American skateboarder (born 1990)

Alex Perelson (born December 5, 1990, San Diego, California) is a professional skateboarder living in San Diego. Perelson began vert skateboarding in 1999 and turned professional in 2005.

==Career==
Perelson has been referred to as "San Diego's Favored Son" and according to one appraisal:
Not since the coming of fellow skateboarders Shaun White and Ryan Sheckler has there been a young skater who poses such dominant talent in his age group...the consensus is unanimous; Alex Perelson is the future of vert skateboarding.

According to an article about him in the North County Times, Perelson wanted to become a professional skateboarder from the time he started skating at age nine.
"It looked like fun," Perelson said, "so I got one (skateboard) of my own and started doing it more and more, and pretty soon I was at the skatepark six hours a day."

At thirteen years old, he won first place at the Dam Am Vert competition in Costa Mesa, California and did a 540 in his final run. His professional career began in 2005 when, at age sixteen, he took second place at the LG Action Sports World Championship in Manchester, England and received a $20,000 prize. He has since appeared at events in Copenhagen, Mexico City, Dubai, and various locations within the United States.
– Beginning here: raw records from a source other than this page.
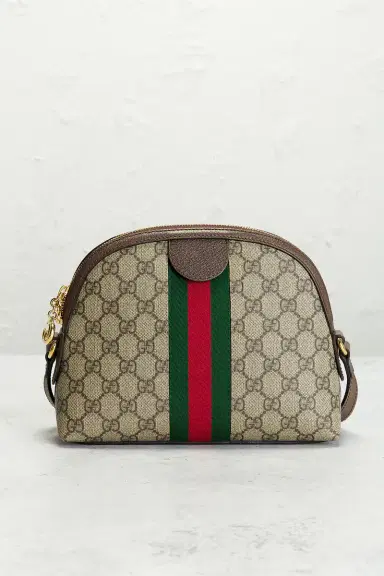 Gucci Ophidia Shoulder Bag | Thumbnail 3 Gucci Ophidia Shoulder Bag | Thumbnail 3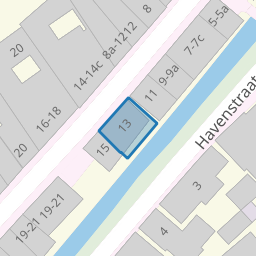 Perceel ISS00-F-1222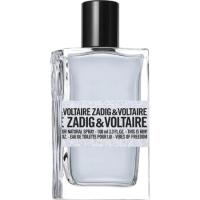 ZADIC & Voltaire VIBES OF FREEDOM HIM туалетная вода (мужские) 100ml *Tester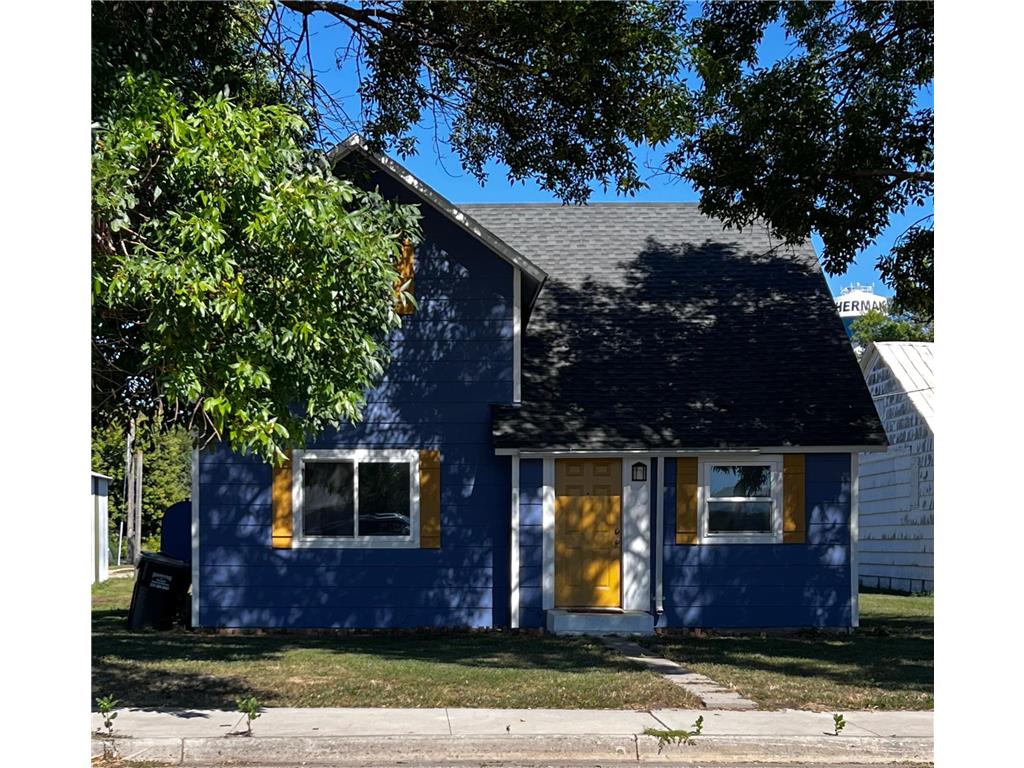 604 Atlantic Avenue, Herman, MN 56248 MLS 6256211 Edina Realty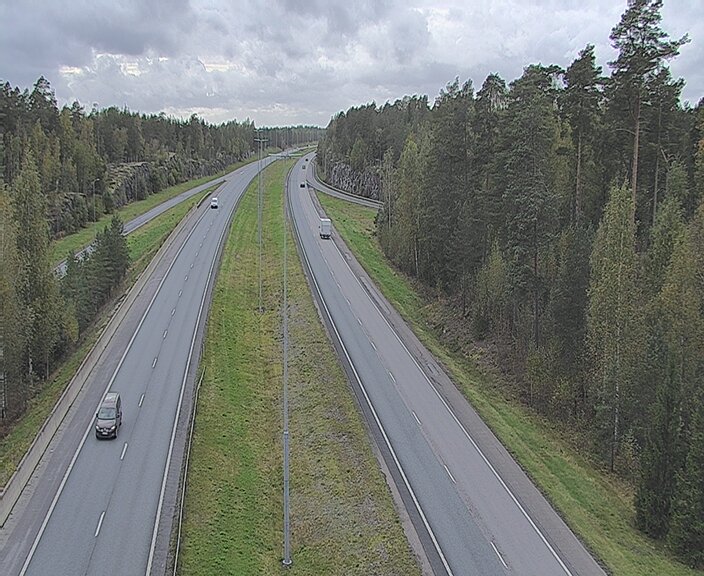 Kelikamerat Kuva Tie 7 Porvoo Rita, Porvoo, Uusimaa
In order to better pursue his career, Perelson withdrew from Grossmont High School in 10th grade in order to attend San Diego Charter School and to be allowed more flexibility in his schedule. His choice has meant missing high school football games and proms but he remarked "I wouldn't go to those anyways".

He is the youngest skater in the vert field and is also the only rookie. He competed in the AST Dew Tour 2007 and finished sixth out of the ten riders, telling The Washington Post in an interview, "Those are probably the best runs I've ever done in my life." He won an $8000 prize for fourth place at the X Games in Los Angeles "with back-to-back 540s and 720s in his run."
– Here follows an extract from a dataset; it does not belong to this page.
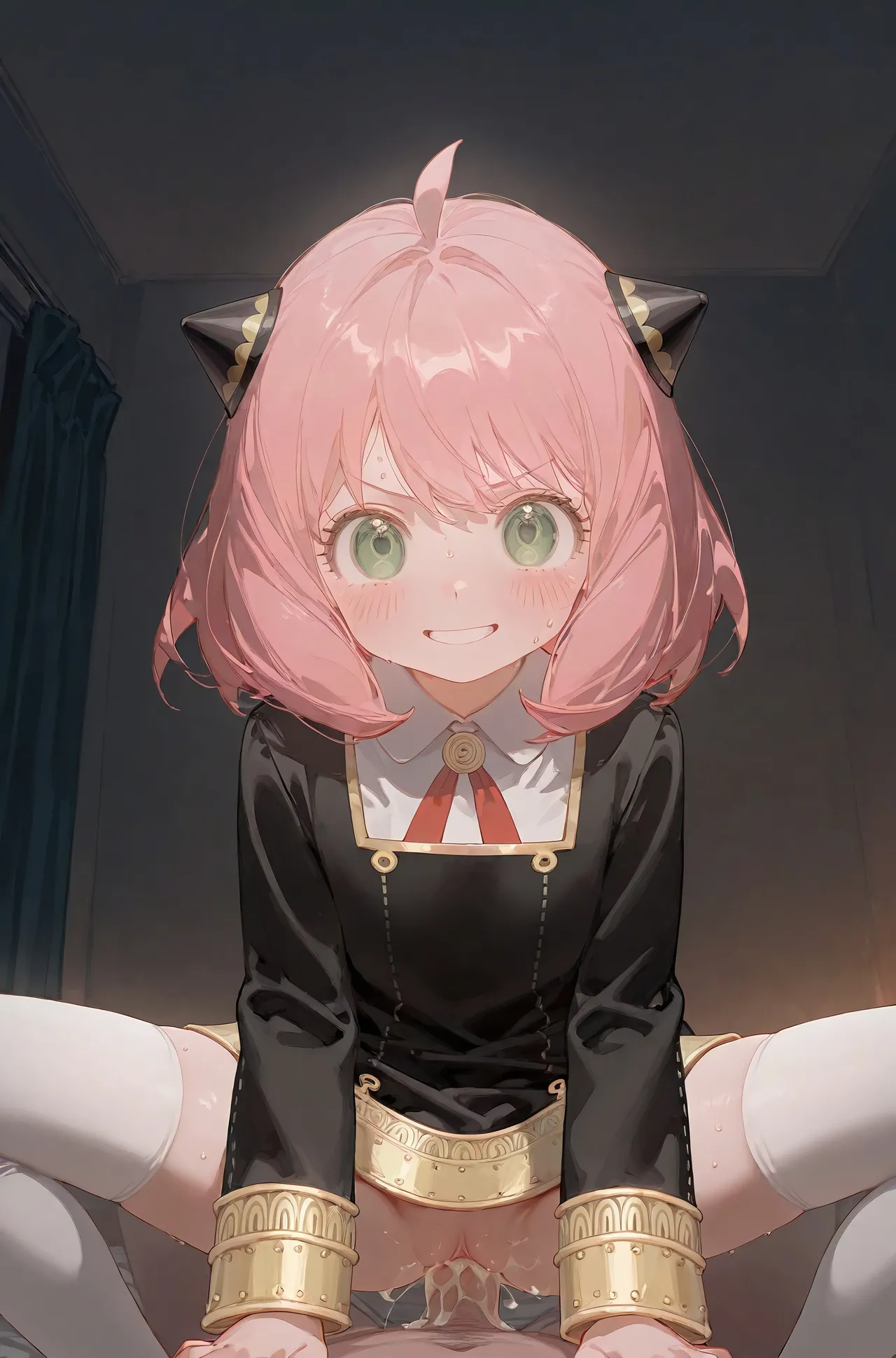 Unifans Nyako 2026 1 22 Uncensored - Image 104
He then qualified for the AST Dew Tour on his first attempt at the Panasonic Open, and secured a nomination for the "PlayStation Trick of the Week" at the Right Guard Open that same season which was, according to an article in The San Diego Union-Tribune, a "breakout summer" for the young athlete.

Regarding his long range career goals, the young athlete has said:
Tony Hawk is (39) and is able to do a lot of stuff...I don' t know what it takes to skate when you are that old, but hopefully I can do it. I want to keep skating for as long as I can.

In July 2009, at the Maloof Money Cup presented by Monster Energy Drink in Costa Mesa, California, he became the 4th person ever to pull the 900. He won $75,000 and did the 900 to secure his number one spot in the vert competition.

==Sponsorship==
Perelson's skateboarding sponsorship now includes Vans, Rockstar Energy Drink, Protec, Bronson Speed Co., Thunder Trucks, Spitfire Wheels, Skeleton Key MFG, Randoms Hardware, Stratosphere Skate Shop, Paradox Griptape, and 187 Killer Pads.

==Personal life==
Perelson formerly lived in Bonita, California. He has an older sister and a younger brother named Brandon, who is also a skater; his father, Glenn, is a cardiologist.